Judith Moser-Harnoncourt: Wobei die Ausgewogenheit zwischen großen und kleinen Wohnungen wichtig ist.
Wer kann seine Wohnung über neunerimmo oder direkt an obdach- und wohnungslose Menschen vermieten?
Pilgram: Wir arbeiten mit privaten Vermieter*innen und gewerblichen und gemeinnützigen Bauträgern zusammen. Jedes einzelne Engagement ist wichtig. Man soll den Mut haben, an uns heranzutreten und mit uns reden. Wenn eine Wohnung da ist, die vermietet werden kann, bitte einfach bei uns anrufen. Jeder m2 zählt.

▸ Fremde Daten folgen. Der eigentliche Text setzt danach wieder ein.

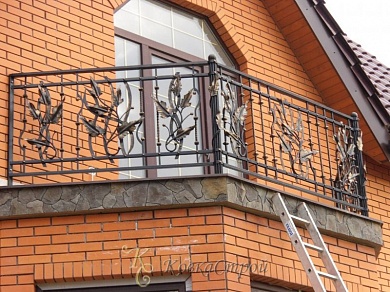 Ограждение балкона №57 в Екатеринбурге фото
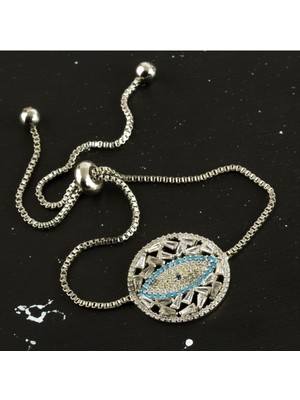 SiHako Göz Zirkon Taşlı Lüx Asansörlü Bileklik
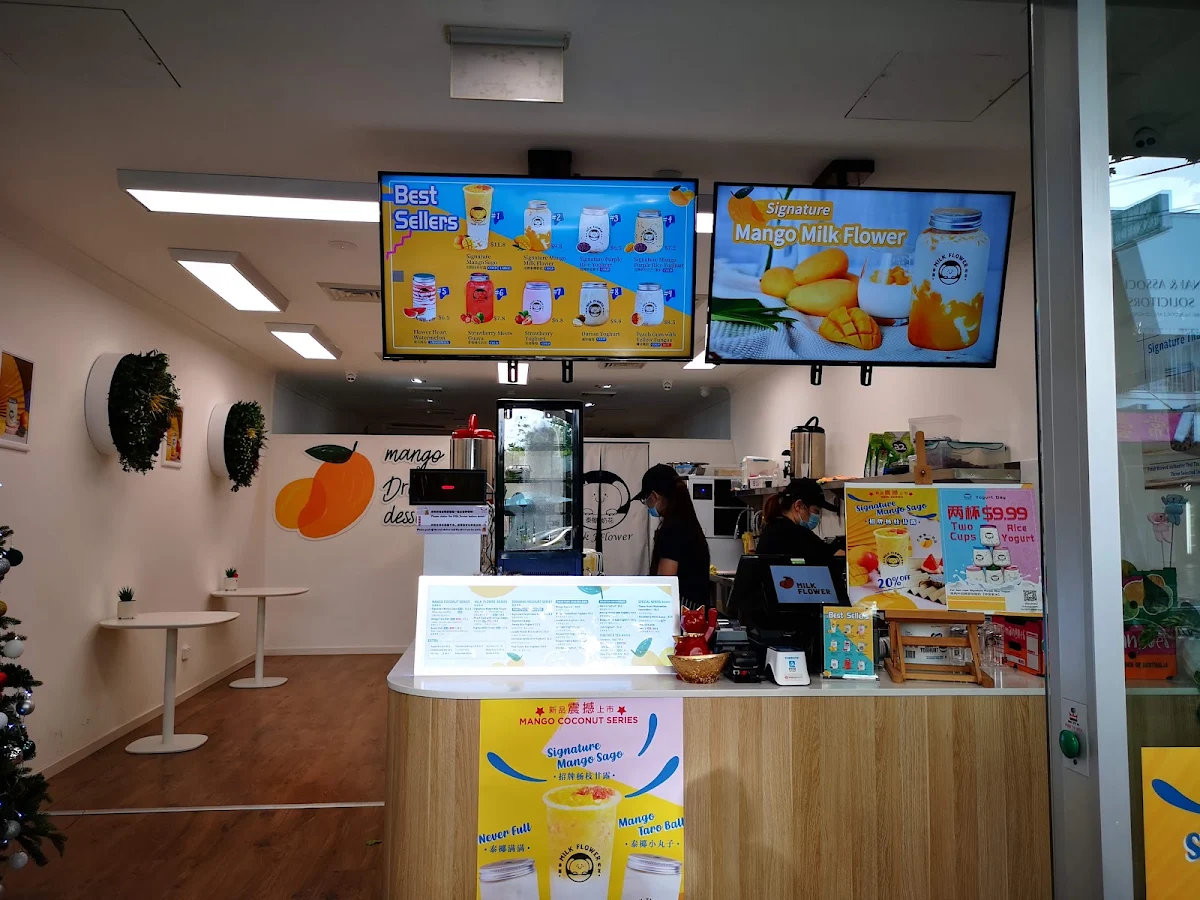 Menu, Milk Flower Campsie - 泰椰奶花 Campsie 店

Jedes einzelne Engagement ist wichtig. Jeder m2 zählt.
Ulrike Pilgram, Geschäftsführung neunerimmo
Jeder m2 zählt. Gibt es Mindestanforderungen an die Wohnungen und übernimmt neunerimmo Renovierungsarbeiten?
Pilgram: Wir akquirieren Wohnungen für obdach- und wohnungslose Menschen. Es geht stark um die Leistbarkeit der Wohnung und um eine Vermietung von mindestens drei Jahren, im Idealfall länger bzw. unbefristet. Wir haben keine Ressourcen, um Wohnungen komplett zu sanieren. Es sei denn, die Wohnung kann dann super günstig vermietet werden. Die Wohnung soll bewohnbar und leistbar sein und eine bestimmte Mietdauer haben.

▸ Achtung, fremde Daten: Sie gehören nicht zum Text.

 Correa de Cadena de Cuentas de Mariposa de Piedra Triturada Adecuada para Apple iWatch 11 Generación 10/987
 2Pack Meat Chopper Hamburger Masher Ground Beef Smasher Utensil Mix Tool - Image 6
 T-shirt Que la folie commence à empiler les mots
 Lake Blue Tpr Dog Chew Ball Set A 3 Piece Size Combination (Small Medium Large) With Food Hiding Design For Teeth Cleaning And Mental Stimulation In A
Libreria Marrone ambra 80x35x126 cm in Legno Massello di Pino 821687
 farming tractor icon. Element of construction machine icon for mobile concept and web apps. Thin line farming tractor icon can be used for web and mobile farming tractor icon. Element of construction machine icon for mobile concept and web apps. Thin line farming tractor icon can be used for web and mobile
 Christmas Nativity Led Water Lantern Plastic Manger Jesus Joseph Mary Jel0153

Seid ihr seitens der Vermieter*innen auch mit Vorurteilen gegenüber wohnungs- und obdachlosen Menschen konfrontiert?
Moser-Harnoncourt: Für mich ist es sehr motivierend, die Baubranche auf unsere Zielgruppe und auf Wohnungslosigkeit hinzuweisen und ihnen auch die Scheu zu nehmen, an sie zu vermieten. Wir hören von diffusen Vorbehalten. Da ist es wichtig, die Baubranche und unsere Partner*innen aufzuklären, dass dieser Neustart mit einer eigenen Wohnung gut ist und oft gelingt.

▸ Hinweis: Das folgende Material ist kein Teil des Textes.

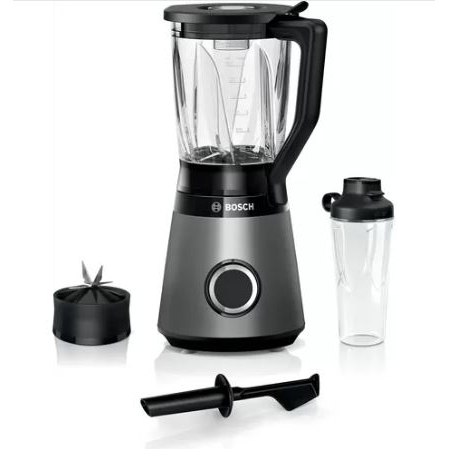 Bosch MMB6174S mixér Stojací mixér 1200 W Černá, Metalická, Průhledná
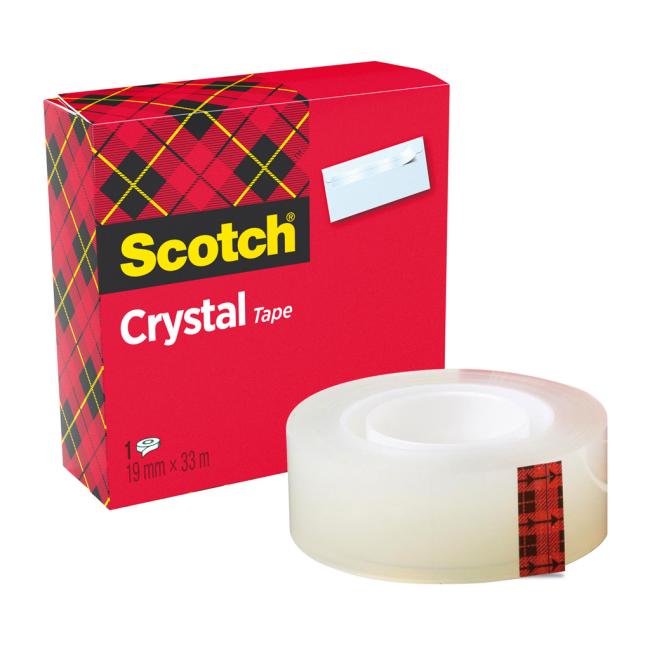 Scotch crystal clear adhesive tape 19 mm x 33 m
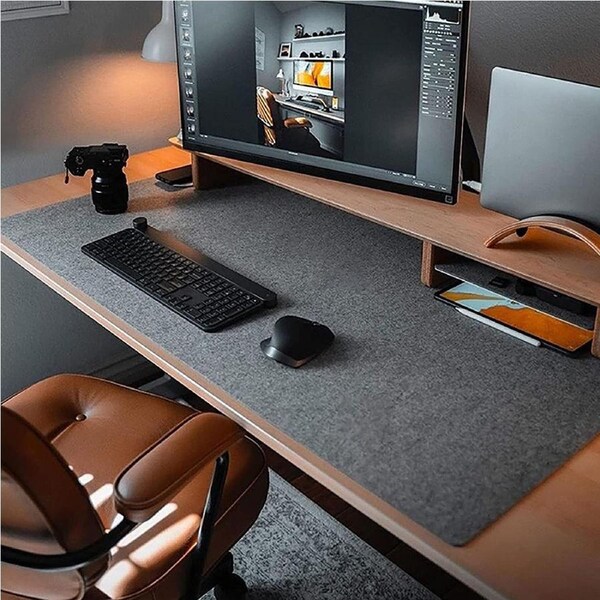 Large Felt Desk Pad 90x40cm Extra Large Mouse Mat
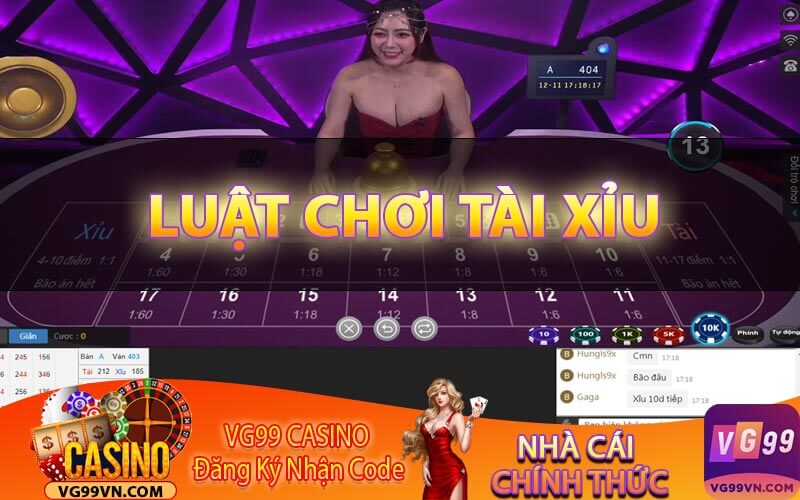 Luật chơi tài xỉu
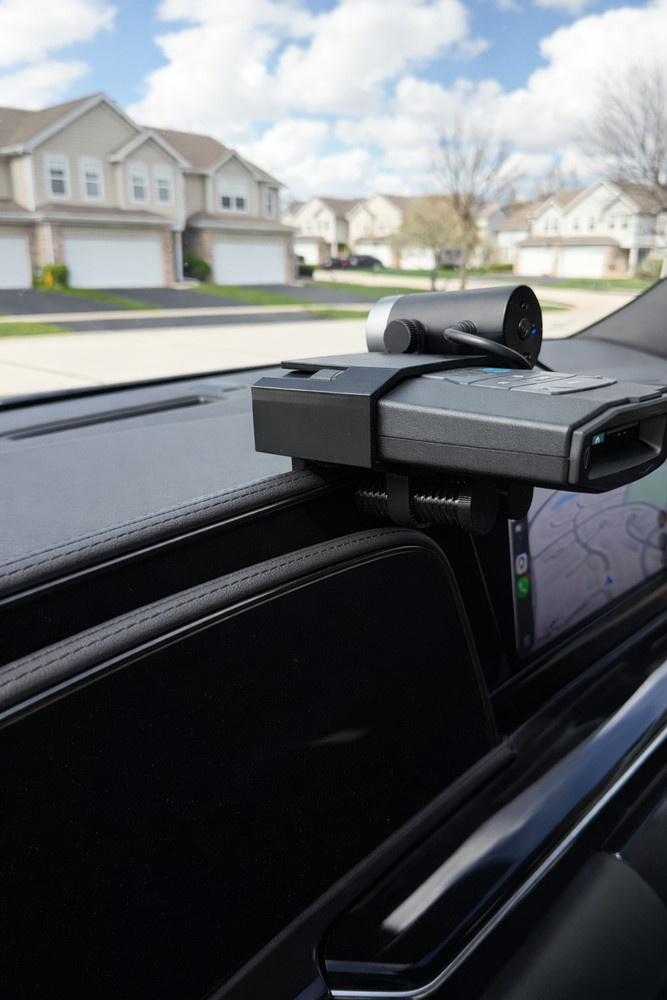 Escort Radar Detector Mount with Camera Holder – Screen Mounted Dashboard Mount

Pilgram: Ich finde es spannend, dieses Klischee des obdachlosen Mannes, das in vielen Köpfen der Menschen drinnen ist, aufzubrechen. Wenn Vermieter*innen merken: ‚Hey, das sind Menschen wie wir‘, dann haben wir es geschafft zu vermitteln, dass Wohnungslosigkeit jede*n treffen kann.
Warum gibt es eurer Meinung nach nicht genug leistbaren Wohnraum?
Moser-Harnoncourt: Der Leerstand ist in Wien und ganz Österreich gravierend. Wir bauen, bauen, bauen, meist hochpreisige Wohnungen, aber nicht genug leistbare Wohnungen. Wenn Menschen Anlegerwohnungen kaufen, sollen sie das tun. Aber bevor eine Wohnung zehn Jahre lang leer steht, könnte man sie zwischenzeitlich gemeinsam mit uns sehr vernünftig nutzen.
Pilgram: Der gewerbliche und frei finanzierte Wohnbau nimmt auch in Wien stark zu. Diese Wohnungen sind für Personen mit niedrigerem Einkommen nicht leistbar. Auch die Hürden für den sozialen und geförderten Wohnbau sind nicht für alle gleich. Auch sind der geförderte und der kommunale Wohnbau nicht für alle zugänglich. Wohnen sollte für alle möglich und ein Grundrecht sein.
Der Leerstand in Wien und ganz Österreich ist gravierend.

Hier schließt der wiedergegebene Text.